Saturday, January 1, 2022

Raymarine Electronics Upgrade

 We’ve been unhappy with the performance of our old ST6002 autopilot and S3 course computer for several years.  It was particularly bad about overshooting course corrections in anything but the calmest conditions. It could deviate up to 15-20 degrees from the desired course heading, particularly when sailing deep apparent wind angles. This made it dangerous to use in situations where an accidental jibe could occur or in dense boat traffic.

The new Raymarine EV1 system had a good reputation. Its marketing materials say that it is a 9-axis sensor. Well there are only three physical dimensions, so how could it have a 9-axis sensor? After some research, we determined that it senses three factors in each of the three dimensions:

  • direction/orientation of the boat in X, Y, and Z - think of this as heading and attitude
  • speed of rotation around each axis (roll (X), pitch (Y), and yaw (Z)) - measures how fast the orientation is changing
  • acceleration around each axis - measures how quickly the speed of orientation is changing

This combination allows the system to quickly adapt to the boat’s interaction with the wind and waves. Like a good helms-person, it can anticipate changes in orientation. For example, if a wave knocked the boat's heading 5 degrees off, the autopilot adjusts the helm. Acceleration sensing tells it how fast the heading change is occurring and to begin correcting the helm before it overshoots.

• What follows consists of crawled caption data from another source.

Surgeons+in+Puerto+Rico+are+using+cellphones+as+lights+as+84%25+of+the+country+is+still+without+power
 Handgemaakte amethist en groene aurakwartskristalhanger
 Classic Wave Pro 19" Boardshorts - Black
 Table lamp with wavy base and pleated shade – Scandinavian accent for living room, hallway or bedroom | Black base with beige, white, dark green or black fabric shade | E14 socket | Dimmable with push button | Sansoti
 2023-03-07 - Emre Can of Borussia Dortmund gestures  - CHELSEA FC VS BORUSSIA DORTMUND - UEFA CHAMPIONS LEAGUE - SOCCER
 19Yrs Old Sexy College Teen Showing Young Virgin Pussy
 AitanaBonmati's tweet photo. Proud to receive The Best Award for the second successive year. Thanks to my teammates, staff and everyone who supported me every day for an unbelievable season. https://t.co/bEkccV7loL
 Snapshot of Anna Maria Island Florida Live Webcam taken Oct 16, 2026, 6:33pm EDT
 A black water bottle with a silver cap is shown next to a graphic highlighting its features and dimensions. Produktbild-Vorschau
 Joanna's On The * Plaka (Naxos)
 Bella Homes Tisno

Staying with Raymarine meant that we could re-use some existing equipment: the HD Color radome, the rotary drive unit, and the masthead wind instrument. We had previously upgraded the chart plotter to the Raymarine a75, but decided that we wanted the larger 12-inch display for the new installation. We also wanted the hybrid version that has the knob and a few buttons (particularly MOB) and SD card slot on the front. This required changing the helm layout because there wasn’t enough room between the engine gauges.


Prior installation with a75 display



We bought the Axiom Pro 12S, depth transducer, EV1 sensor module, ACU-400 course computer, p70s autopilot control head, three i70s instrument displays, and the iTC-5 analog interface for the wind and depth sounder. Total outlay was about $8000. We produced a schematic of the installation before we started, so we knew that we had everything.

Raymarine Upgrade Schematic



Removing the old instruments was easy. We pulled out a fair amount of old SeaTalk cabling. The only catch we encountered was the depth sounder cable ran to the ST40 depth readout mounted below the VHF radio at the Nav Station. We extended it back to the iTC-5 that we mounted under the galley sink, next to the ACU-400 that controls the rotary drive.


ACU-400 drive and iTC-5 analog instrument interface




The SeaTalk-NG buss cabling is sweet and makes for a very clean installation. The EV1 sensor core was installed near the centerline and above the headliner inside the salon sliding door to keep it away from sources of magnetic interference


EV1 sensor core above ceiling



The 12-inch display required moving the two engine ammeters.


Cutting and drilling the new layout



The final installation looks very nice and we’re delighted with it.


New installation


The third i70s instrument replaced the old ST40 depth display at the nav station. We really like the flexibility of the new i70s instruments.


What about operational results? The EV1 and ACU-400 combination is great. It holds course reliably when going downwind and we’ve held the bow into the wind to set the main by using the wind heading hold feature. It seems to be better than we can manually steer.


The one thing we're missing is a speed-through-the-water sensor. I dislike the paddlewheel sensors that require constant cleaning and a doppler sensor is $2000, which doesn't seem to be worth it for the benefit of slightly better wind instrumentation.